Threading Building Blocks (TBB)
Intel Threading Building Blocks (TBB)—now commonly branded as oneTBB—is a C++ library for task-based parallel programming developed by Intel. It helps developers efficiently use multi-core processors without manually managing threads. The library consists of data structures and algorithms that allow a programmer to avoid some complications arising from the use of native threading packages such as POSIX threads, Windows threads, or the portable Boost Threads in which individual threads of execution are created, synchronized, and terminated manually. Instead the library abstracts access to the multiple processors by allowing the operations to be treated as "tasks", which are allocated to individual cores dynamically by the library's run-time engine, and by automating efficient use of the CPU cache. A TBB program creates, synchronizes and destroys graphs of dependent tasks according to algorithms, i.e. high-level parallel programming paradigms (a.k.a. Algorithmic Skeletons). Tasks are then executed respecting graph dependencies. This approach groups TBB in a family of solutions for parallel programming aiming to decouple the programming from the particulars of the underlying machine.
Why do we use TBB?
TBB is used to:
• Simplify parallel programming
• Improve performance on multi-core CPUs
• Avoid manual thread creation and synchronization
• Build scalable applications
When should you use TBB?
Use TBB when:
• You are writing performance-critical C++ applications
• Your workload can be broken into independent tasks
• You need better scalability than simple threading
Typical use cases:
• Game engines
• Scientific computing
• Image/video processing
• Financial modeling
• High-performance computing (HPC)
Key Features
1. Task-Based Parallelism
Instead of managing threads, you define tasks: TBB schedules and balances them dynamically
2. Parallel Algorithms
Built-in parallel versions of common patterns:
tbb::parallel_for(0, N, [](int i) {
// work in parallel
});
3. Work Stealing Scheduler
Idle threads “steal” tasks from busy ones
Improves CPU utilization and scalability
4. Scalable Memory Allocator
Optimized memory management for multithreaded programs
5. Concurrent Containers
Thread-safe data structures:
• concurrent_vector
• concurrent_hash_map
Key Components
• parallel_for, parallel_reduce
• Task scheduler
• Task groups
• Concurrent containers
• Memory allocator
Advantages
• High performance and scalability
• Automatic load balancing (work stealing)

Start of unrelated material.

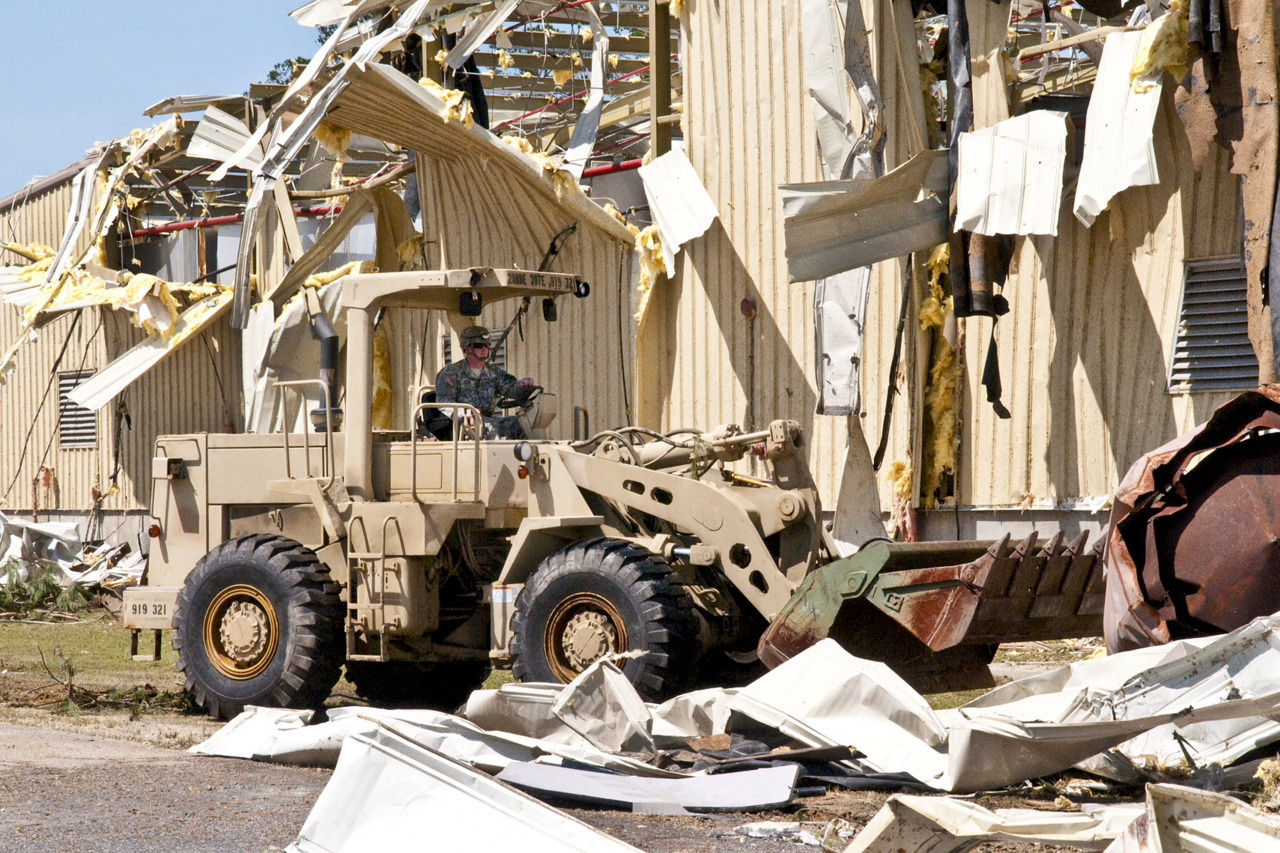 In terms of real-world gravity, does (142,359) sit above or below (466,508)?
above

• Portable across platforms
• No need to manage threads manually
• More flexible than OpenMP in complex scenarios
Disadvantages
• Learning curve for task-based thinking
• More complex than OpenMP for simple cases
• Requires external library setup
• Debugging parallel tasks can be tricky
More details about TBB
Intel® Threading Building Blocks (Intel® TBB) lets you easily write parallel C++ programs that take full advantage of multicore performance, that are portable and composable, and that have future-proof scalability. Intel® Threading Building Blocks (Intel® TBB) 4.2 is a widely used, award-winning C and C++ library for creating high performance, scalable parallel applications.
TBB is a collection of components for parallel programming:
• Basic algorithms: parallel_for, parallel_reduce, parallel_scan
• Advanced algorithms: parallel_while, parallel_do, parallel_pipeline, parallel_sort
• Containers: concurrent_queue, concurrent_priority_queue, concurrent_vector, concurrent_hash_map
• Scalable memory allocation: scalable_malloc, scalable_free, scalable_realloc, scalable_calloc, scalable_allocator, cache_aligned_allocator
• Mutual exclusion: mutex, spin_mutex, queuing_mutex, spin_rw_mutex, queuing_rw_mutex, recursive_mutex
• Atomic operations: fetch_and_add, fetch_and_increment, fetch_and_decrement, compare_and_swap, fetch_and_store
• Timing: portable fine grained global time stamp
• Task Scheduler: direct access to control the creation and activation of tasks
TBB implements task stealing to balance a parallel workload across available processing cores in order to increase core utilization and therefore scaling. The TBB task stealing model is similar to the work stealing model applied in Cilk. Initially, the workload is evenly divided among the available processor cores. If one core completes its work while other cores still have a significant amount of work in their queue, TBB reassigns some of the work from one of the busy cores to the idle core. This dynamic capability decouples the programmer from the machine, allowing applications written using the library to scale to utilize the available processing cores with no changes to the source code or the executable program file.